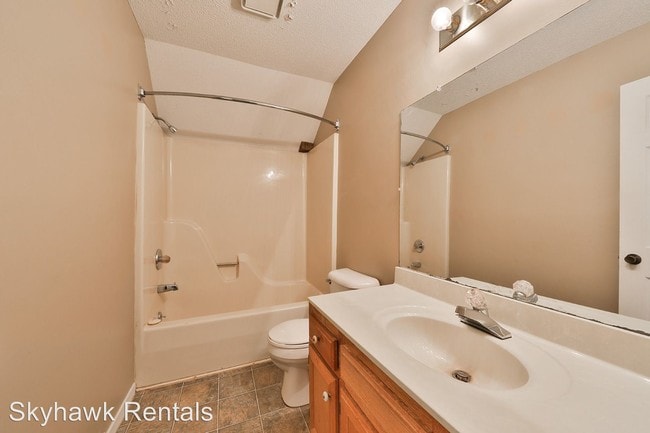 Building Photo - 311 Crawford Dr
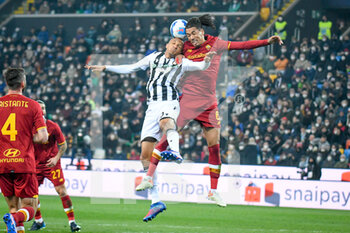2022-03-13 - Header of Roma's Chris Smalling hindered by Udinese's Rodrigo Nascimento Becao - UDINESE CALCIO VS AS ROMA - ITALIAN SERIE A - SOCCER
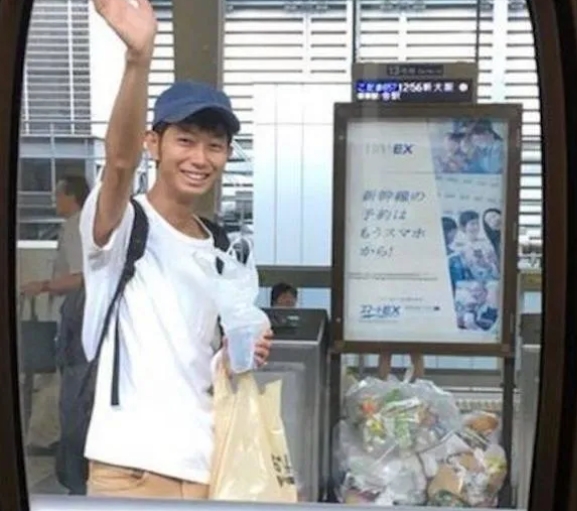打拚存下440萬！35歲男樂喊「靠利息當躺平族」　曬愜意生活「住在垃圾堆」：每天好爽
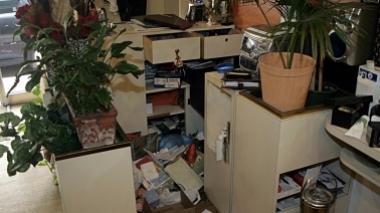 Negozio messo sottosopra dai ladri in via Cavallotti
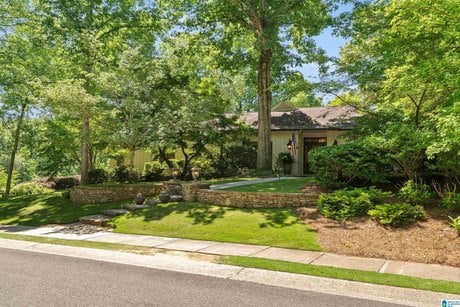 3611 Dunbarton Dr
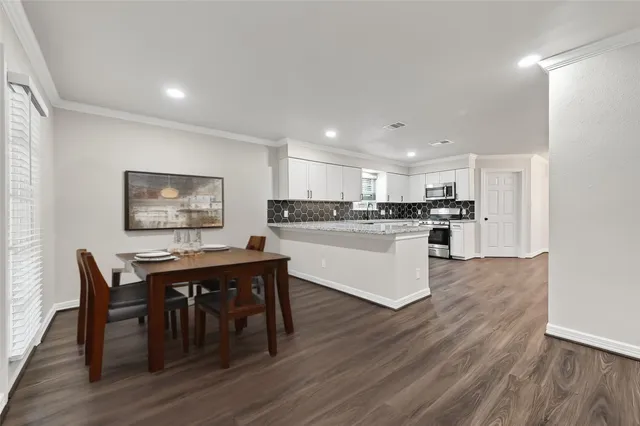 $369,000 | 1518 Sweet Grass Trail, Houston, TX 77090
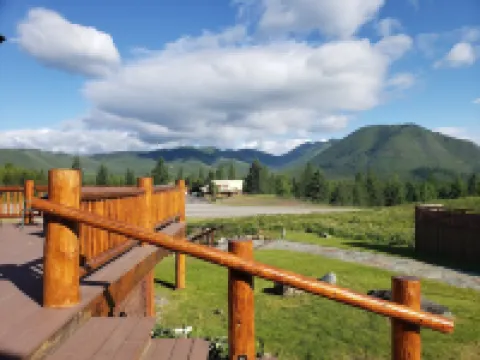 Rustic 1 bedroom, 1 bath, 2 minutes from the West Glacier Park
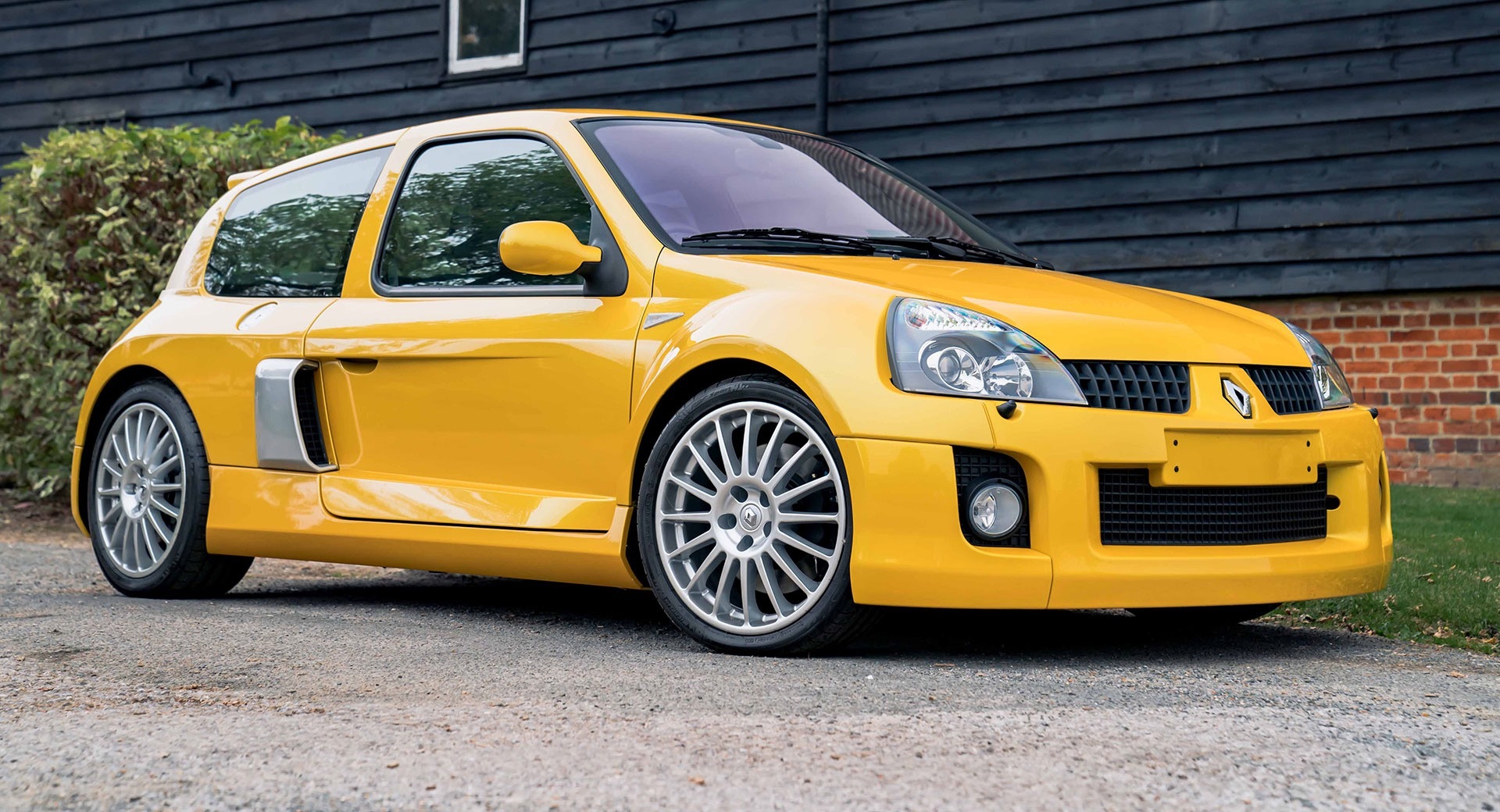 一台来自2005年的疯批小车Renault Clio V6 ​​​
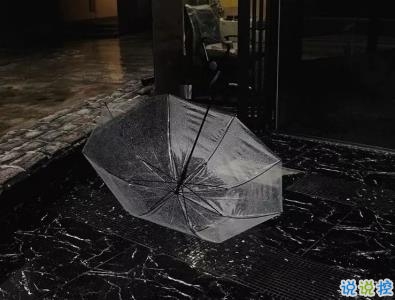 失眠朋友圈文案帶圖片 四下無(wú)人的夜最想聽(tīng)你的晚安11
...
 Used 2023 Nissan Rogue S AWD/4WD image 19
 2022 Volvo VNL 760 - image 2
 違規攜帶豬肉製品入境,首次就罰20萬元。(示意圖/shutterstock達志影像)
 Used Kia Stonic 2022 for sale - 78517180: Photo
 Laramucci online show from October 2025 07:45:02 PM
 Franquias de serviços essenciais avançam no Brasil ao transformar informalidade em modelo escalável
--
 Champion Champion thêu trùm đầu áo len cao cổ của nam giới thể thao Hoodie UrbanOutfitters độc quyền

**What is needed**
Report each line in the preceding entries that holds the string "image".

**Answer to this problem**
 Used 2023 Nissan Rogue S AWD/4WD image 19
 2022 Volvo VNL 760 - image 2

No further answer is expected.